The judgement touches on a number of areas of payment law that have proved fertile ground for disputes over the years; including arguments compliance with certain provisions were condition precedent. It also serves as another reminder of the high bar that it to be overcome for those seeking to overturn a decision on the basis of a breach of natural justice. For the most part, it suffice for the purpose of this note to say that all Lidl's arguments both in pursuance of its Part 8 claim and defence of 3CL's Part 7 enforcement claim were unsuccessful.
Of particular relevance though was the court's interpretation of Section 110(1)(b) of the Act as it applies to determination of the final date for payment. By way of reminder, section 110(1)(b) provides that:
"Every construction contract shall— provide for a final date for payment in relation to any sum which becomes due. The parties are free to agree how long the period is to be between the date on which a sum becomes due and the final date for payment."
The payment mechanism in question (which had of course been agreed as between the parties) provided that 3CL were to submit a valid VAT invoice and that the final date for payment would follow thereafter. Accordingly, (on Lidl's case) where no VAT invoice had been submitted, the final date for payment had not occurred.
The question for the court was whether a contract term which provides for a final date for payment other than by reference to a specified period between the due date and the final date for payment is compliant with s.110(1)(b).
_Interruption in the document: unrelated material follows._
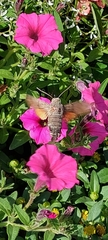 Macroglossum stellatarum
The court found that it was not:
"If it was open to a paying party to include a provision which required the fulfilment of some further condition between the due date for payment and the final date for payment, that would have the effect of driving a coach and horses through the wording and the clear intention of this part of the Act, which is to allow the parties a wide discretion as regards when payments become due under a contract, constrained only by the requirement that it be an adequate mechanism and the specific anti-abuse provisions of s.110(1A) and (1D), but in contrast a much narrower and more circumscribed discretion as regards the final date for payment - only as to the length of the period between the due date and the final date.
I can see that the potential for abuse is not present to anything like the same extent where, as in this case …., the only additional requirement is for the contractor to serve a VAT invoice as well. However, if the way in which Parliament has decided to address this problem is to introduce a blanket prohibition on party autonomy as regards the ascertainment of the final date for payment save as to the length of the period, it is not for the courts to allow parties to agree terms which go beyond that narrow limit simply because they do not appear to have the same potential for abuse."
The linking of the final date for payment to provision of a VAT invoice is an amendment that regularly crops up in contracts we see. We would recommend reviewing your standard amendments to ensure that future contracts do not contain such provisions and instead specify a fixed period between the due date and final date for payment.
For those with such provisions in existing contracts, the effect of this decision is that the non-compliant clause cannot be relied on and the final date for payment will instead be as provided for by the Scheme for Construction Contracts – namely 17 days from the due date.